GIVEN RECORDS:
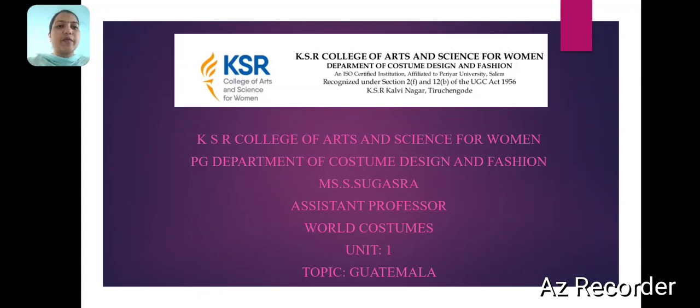Keyes of College of Costume Science for Women, P.G. Department of Costume Design and Pattern. Ms. S.S. Gostroff, Assistant Professor.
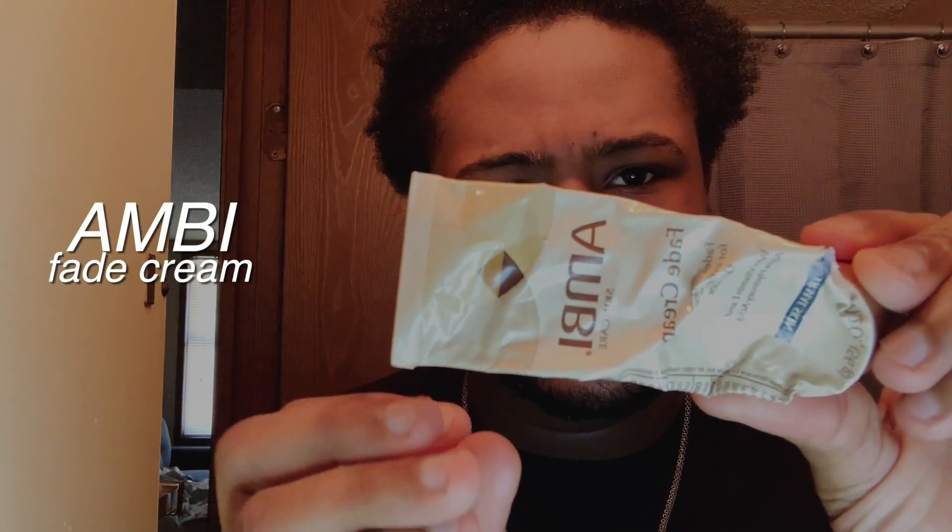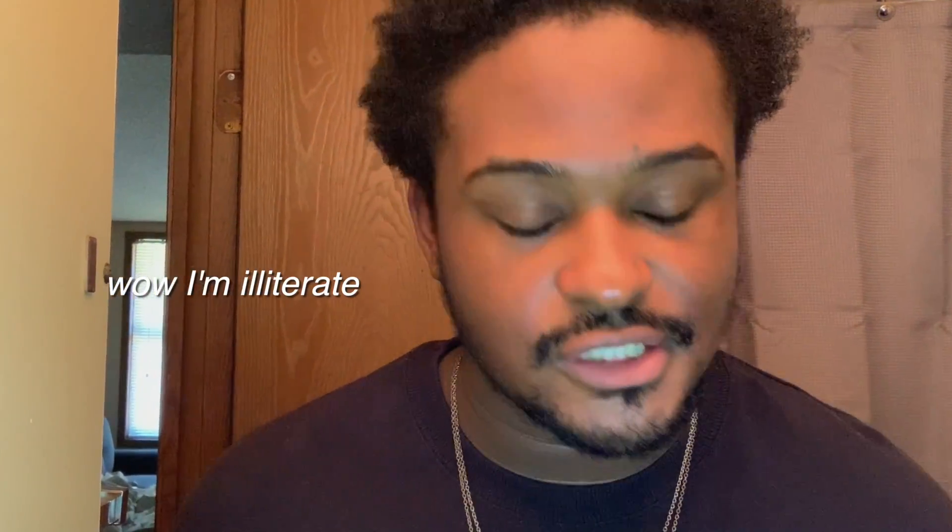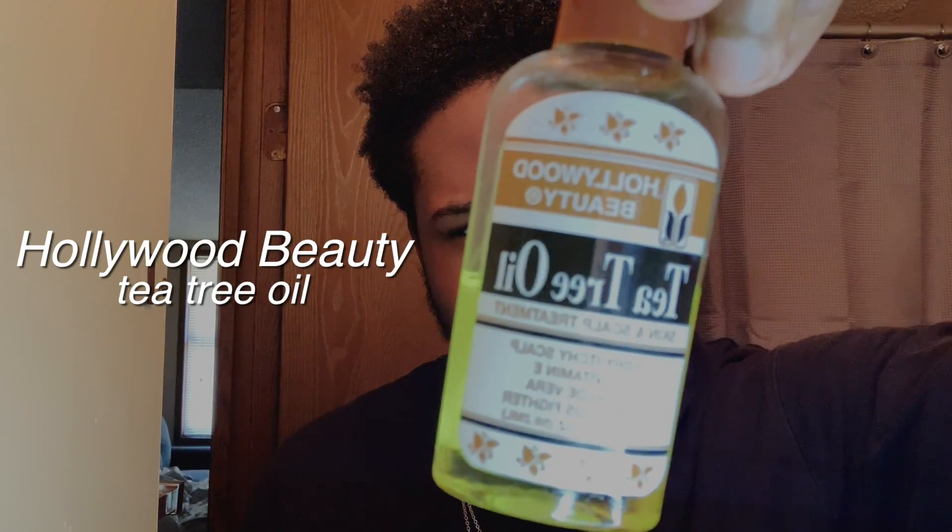Next thing I do is tone my face. I have shown my toner in previous videos but I'm actually all out, so no toner today — but this is usually where I tone my face. The next thing I do is take this Ambi fade cream — I'm running out — I take like a dime-sized amount. Then I take tea tree oil, get like two drops, bring these two together, and rub it on the skin.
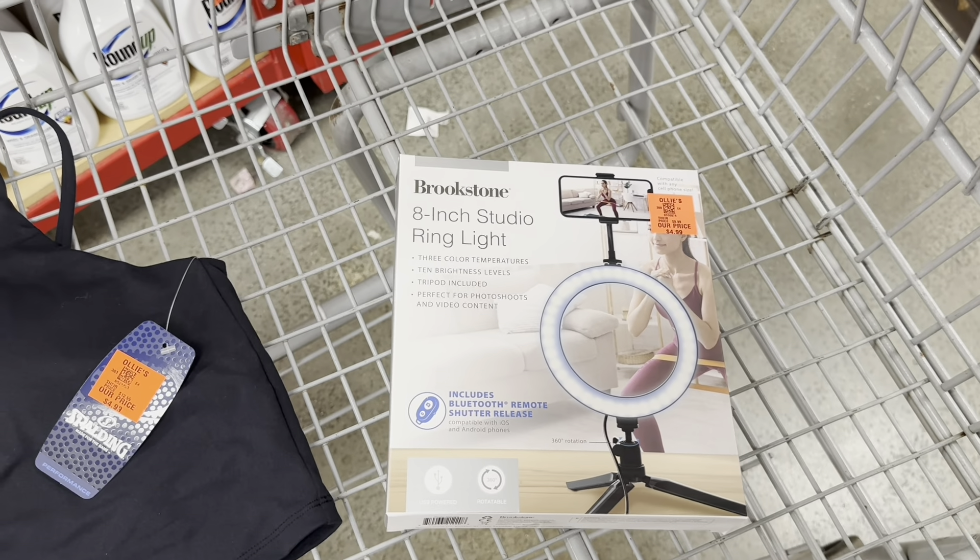These aren't the same exact Tide Pods I got at Costco for $26.99, but they are Tide Pods and there are 104 of them — that's a lot of loads for $21.99. Metal buckets — really big ones — are $14.99 in white and blue enamel.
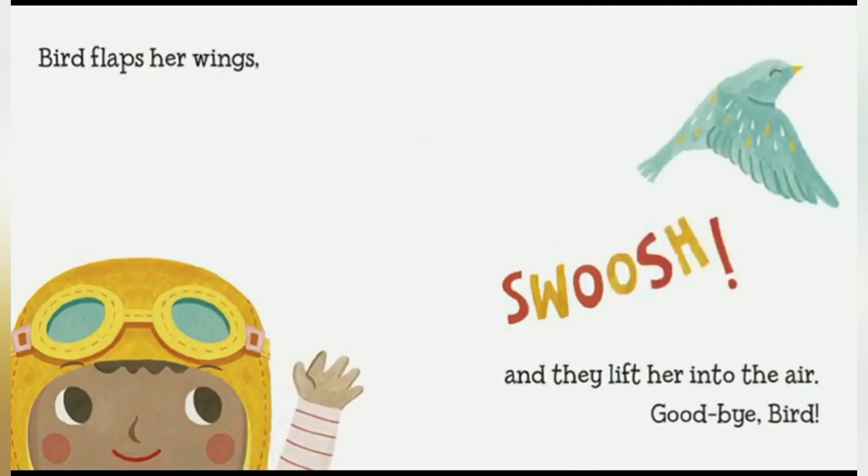Bird flaps her wings — swoosh! — and they lift her into the air. Goodbye, bird. So that's how a bird flies: it flaps its wings. Because the top is curved, the air goes down under it, so it makes the bird go up instead of pulling down.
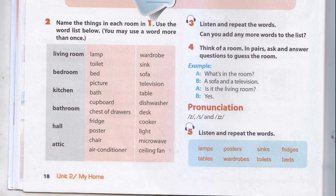Unit 2, Page 18: A Closer Look 1, Activity 3. Listen and repeat the words. Can you add any more words to the list? Living room. Lamp. Sofa. Picture. Table. Bedroom. Bed. Lamp. Picture.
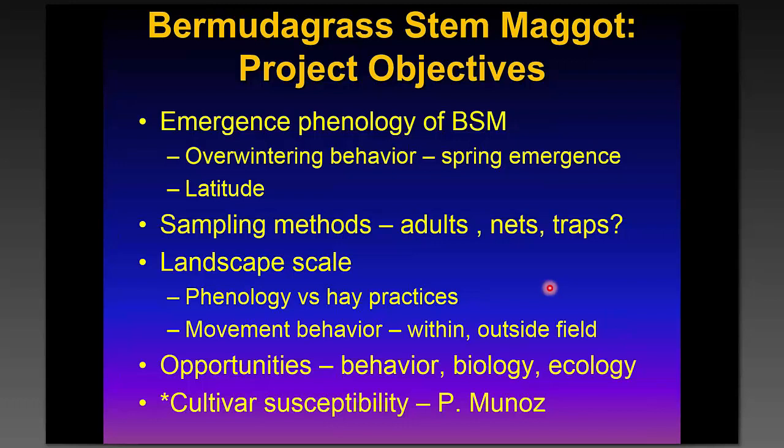The project objectives are to look at the emergence phenology of Bermuda grass stem maggot — it actually overwinters in the soil — and to understand when it emerges on a latitudinal basis. We were looking to enhance available sampling methods, and given the wide range of Bermuda grass culture in Florida from north to south, we wanted to understand what was happening at different scales. We also hoped to tease out new behavior, biology, and ecology, and a new grass breeder at the University of Florida is interested in examining cultivar susceptibility.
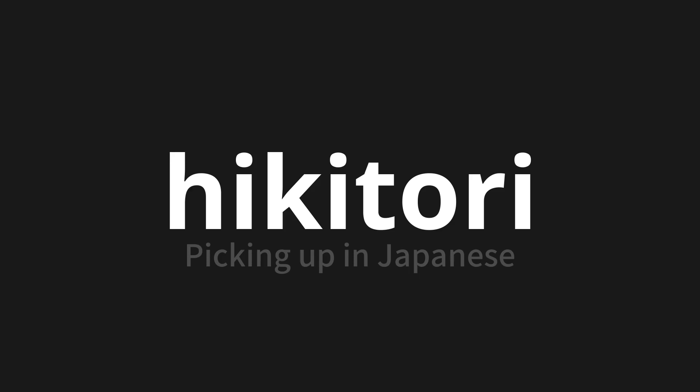Hikitori. Thank you for joining us on this adventure in pronunciation. Remember, language is a journey, not a destination. Keep exploring, experimenting, and expanding your linguistic horizons. We'll see you next time.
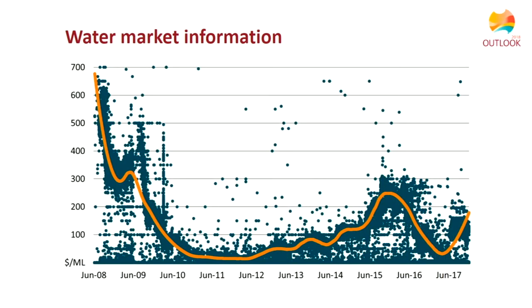Not all entitlements in the southern Basin are the same — differences in entitlement characteristics could also help explain some of the price variability. There is potentially a role for government to look at information provision in the market, though presumably there is a line beyond which the private sector could take over in providing market information. These are topics for further discussion in the session.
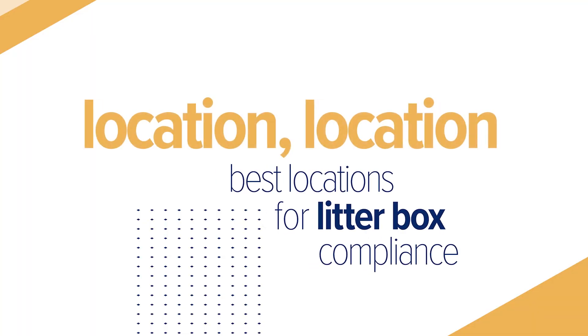When I say to have multiple litter boxes, this doesn't mean three boxes next to each other in one room — that defeats the purpose. The boxes need to be in multiple rooms and on multiple levels of the house. Make sure that where the box is placed, there is potential for the cat to escape and the cat has clear sight lines all around. Cleanliness is also very important — cats will not use a dirty box, so clean it every day.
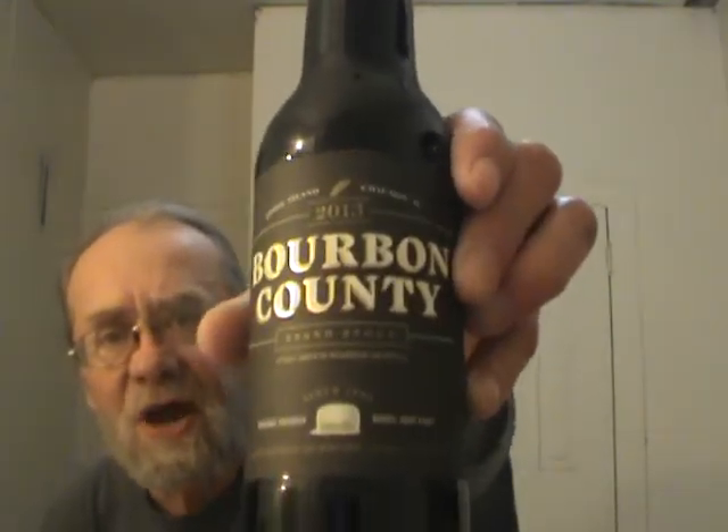Perfectly fine day for a heavy, dark Imperial Stout. I got one of the best today — I managed to pick up two four-packs of the Goose Island Bourbon County Stout.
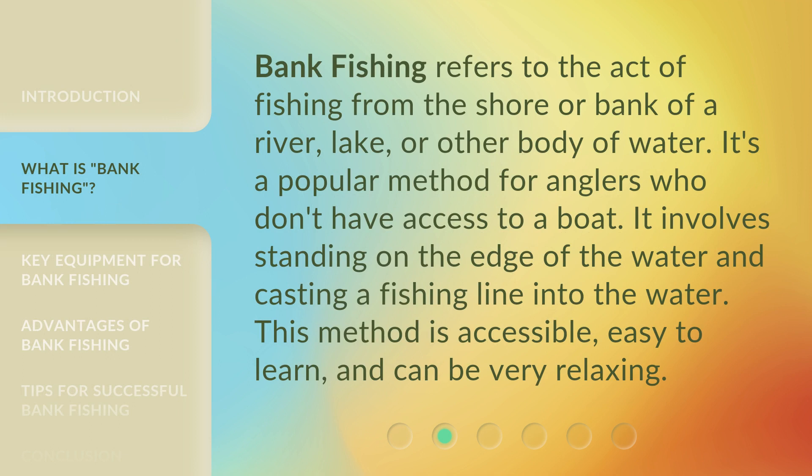Bank fishing refers to the act of fishing from the shore or bank of a river, lake, or other body of water. It's a popular method for anglers who don't have access to a boat. It involves standing on the edge of the water and casting a fishing line into the water. This method is accessible, easy to learn, and can be very relaxing.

YOUR INSTRUCTIONS:
Word for word, retype the lines in the entries above that run from the one with "Bird flaps her" through the one with "Hikitori. Thank you". Both ends count; pictures do not.

WORKED SOLUTION:
Bird flaps her wings — swoosh! — and they lift her into the air. Goodbye, bird. So that's how a bird flies: it flaps its wings. Because the top is curved, the air goes down under it, so it makes the bird go up instead of pulling down.
Unit 2, Page 18: A Closer Look 1, Activity 3. Listen and repeat the words. Can you add any more words to the list? Living room. Lamp. Sofa. Picture. Table. Bedroom. Bed. Lamp. Picture.
The project objectives are to look at the emergence phenology of Bermuda grass stem maggot — it actually overwinters in the soil — and to understand when it emerges on a latitudinal basis. We were looking to enhance available sampling methods, and given the wide range of Bermuda grass culture in Florida from north to south, we wanted to understand what was happening at different scales. We also hoped to tease out new behavior, biology, and ecology, and a new grass breeder at the University of Florida is interested in examining cultivar susceptibility.
Hikitori. Thank you for joining us on this adventure in pronunciation. Remember, language is a journey, not a destination. Keep exploring, experimenting, and expanding your linguistic horizons. We'll see you next time.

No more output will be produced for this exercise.